** ENTRIES SUPPLIED follows **

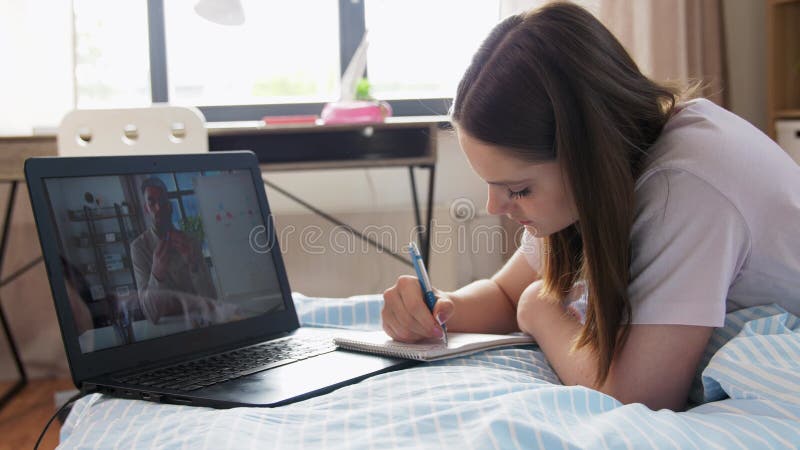 Studentin mit Laptop-Lernen zu Hause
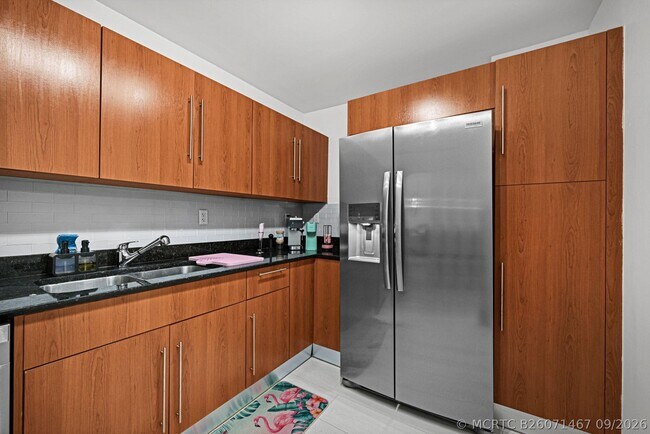 Building Photo - 3001 S Ocean Dr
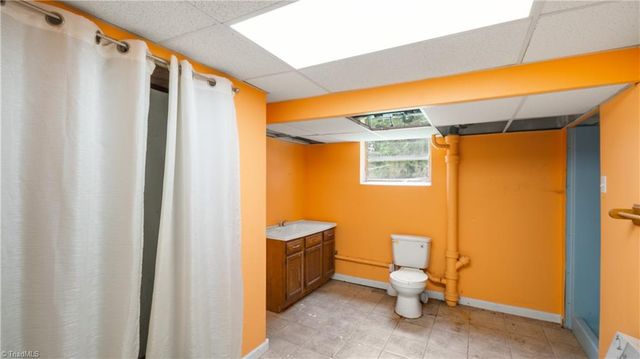 1533 Pecan Drive, High Point, NC 27263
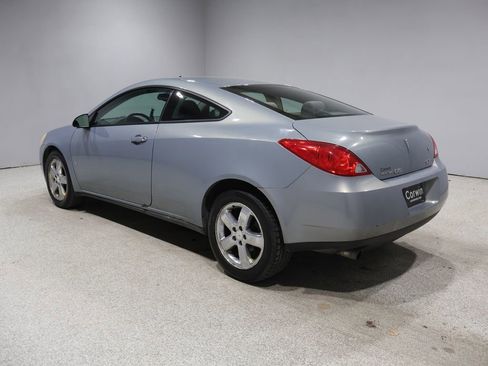 Used 2008 Pontiac G6 GT FWD image 4
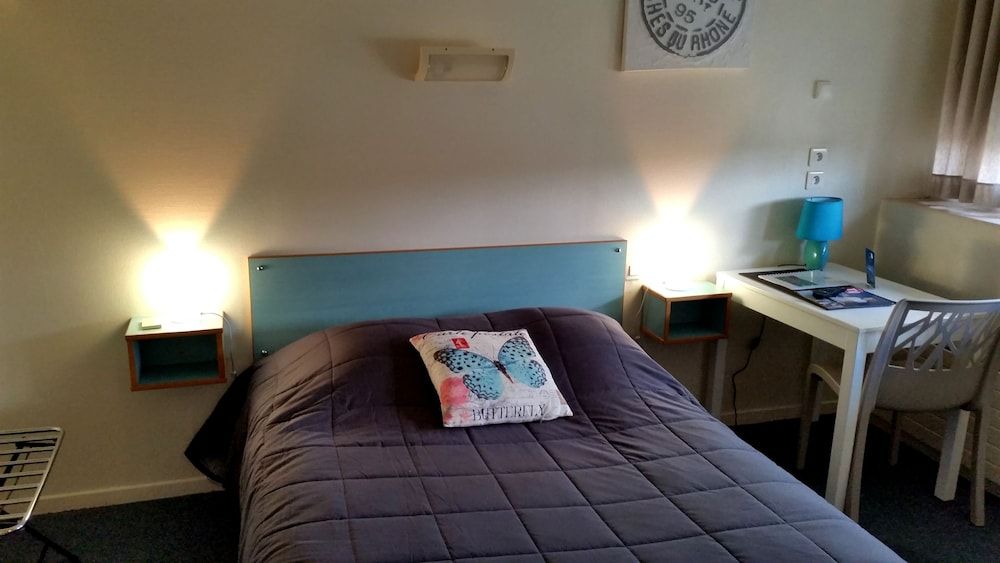 Logis Hotel La Promenade 3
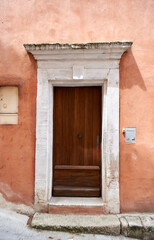 DOOR IN PROVENCE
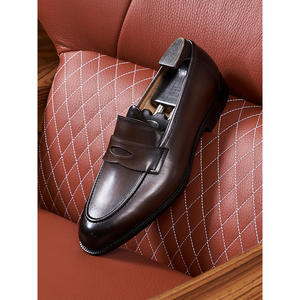 รองเท้าหนังผู้ชายทรงใหม่ทันสมัย เหมาะสำหรับใส่ลำลองและใส่ทำงานอย่างเป็นทางการ ราคาส่งถูก มีจำหน่าย - Product Image 1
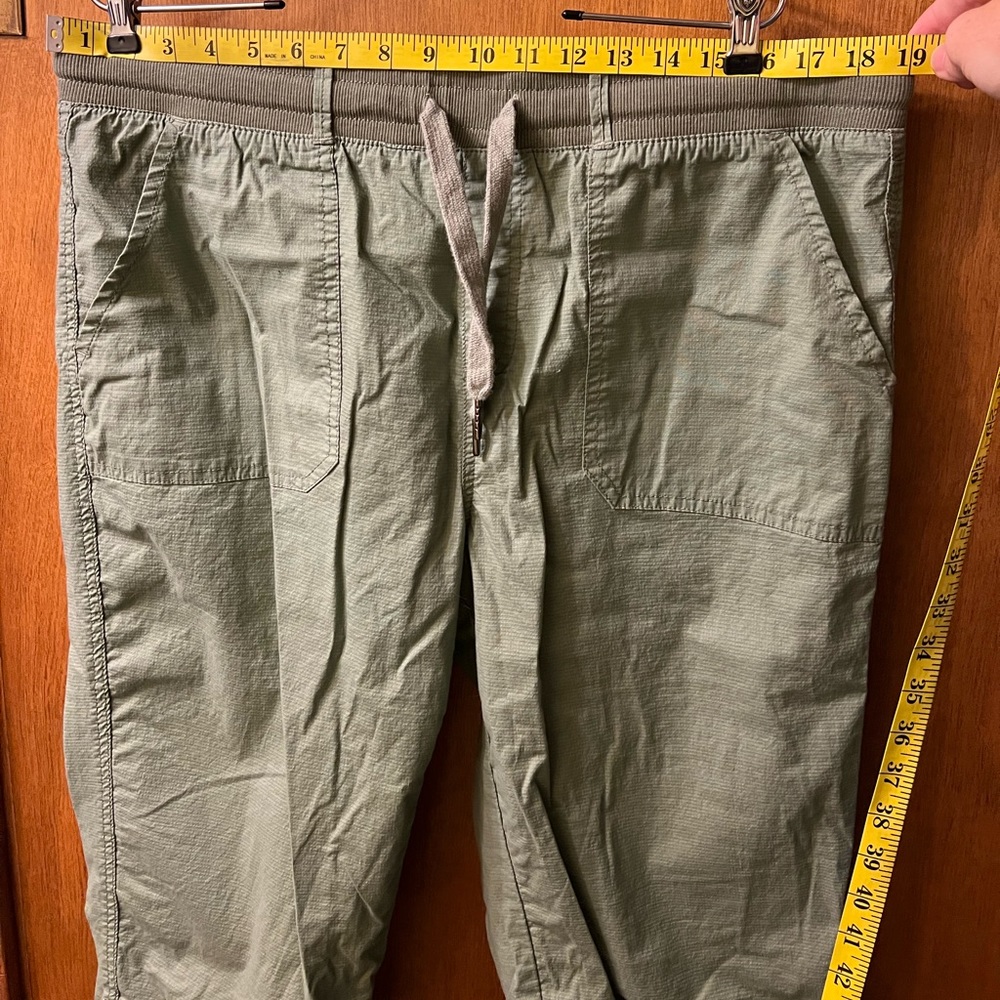 Capris - Picture 6 of 6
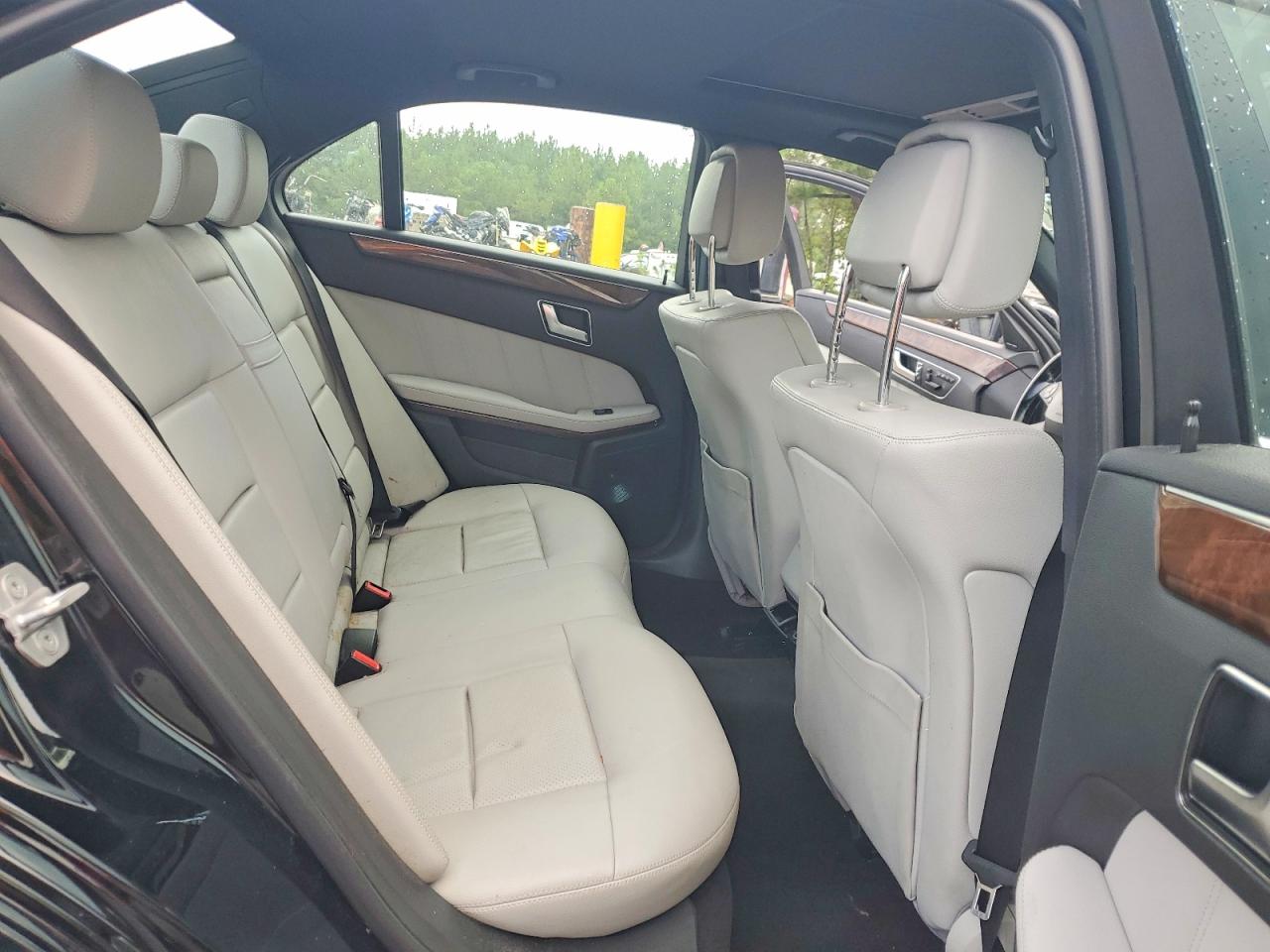 2012 Mercedes-benz E 350 Black vin: WDDHF5KB1CA521813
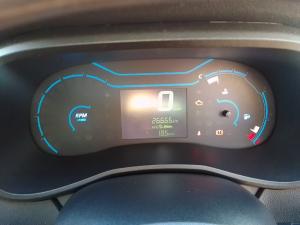Renault Kwid 1.0 Life - Image 9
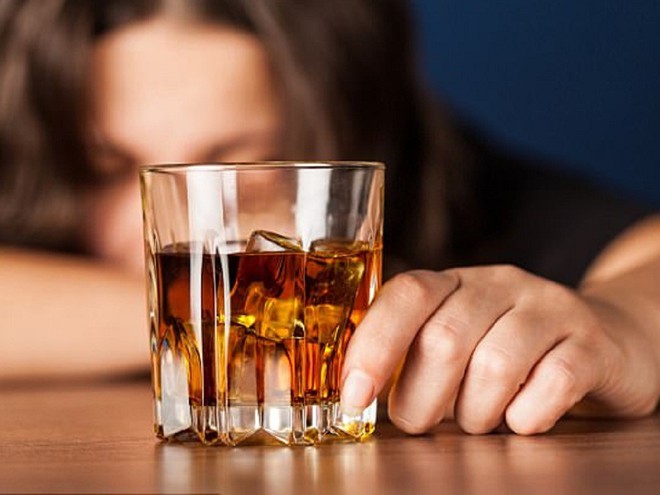 Uống bao nhiêu rượu có thể gây xơ gan: BS mách bạn mức độ an toàn nên biết để kiểm soát - Ảnh 3.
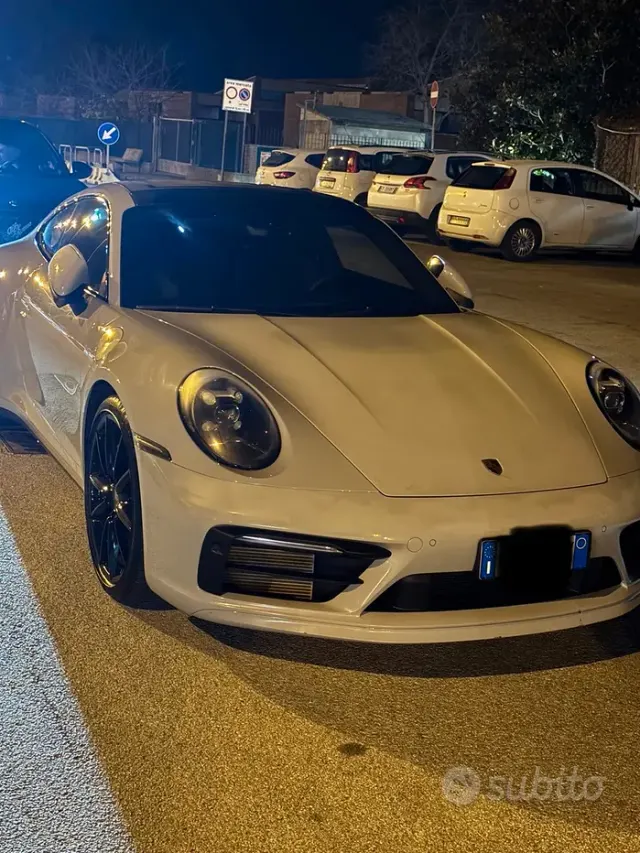 Porsche 911 (992)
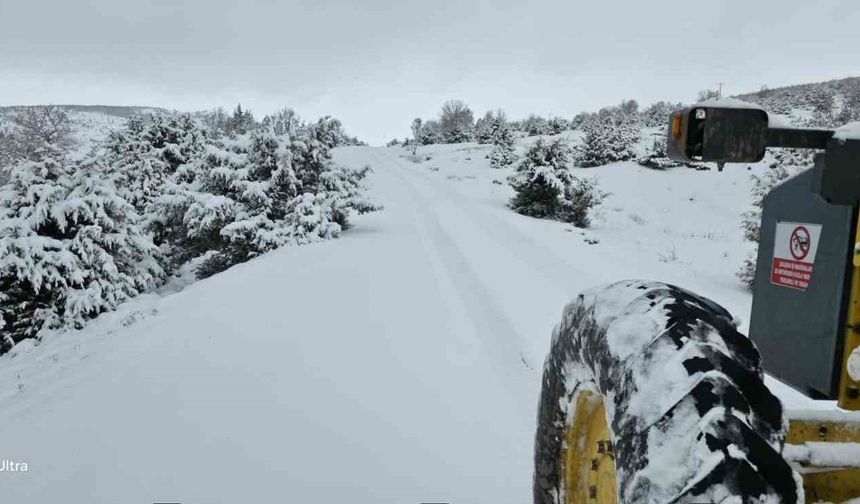 Kar yağışı sonrası ekipler harekete geçti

** End of ENTRIES SUPPLIED **

== TASK DETAILS ==
Lines from the one containing "Product Image 1" through the end of the entries above, both included, are to be written out exactly; no pictures and no other lines.

== OUTPUT BELOW ==
 รองเท้าหนังผู้ชายทรงใหม่ทันสมัย เหมาะสำหรับใส่ลำลองและใส่ทำงานอย่างเป็นทางการ ราคาส่งถูก มีจำหน่าย - Product Image 1
 Capris - Picture 6 of 6
 2012 Mercedes-benz E 350 Black vin: WDDHF5KB1CA521813
Renault Kwid 1.0 Life - Image 9
 Uống bao nhiêu rượu có thể gây xơ gan: BS mách bạn mức độ an toàn nên biết để kiểm soát - Ảnh 3.
 Porsche 911 (992)
 Kar yağışı sonrası ekipler harekete geçti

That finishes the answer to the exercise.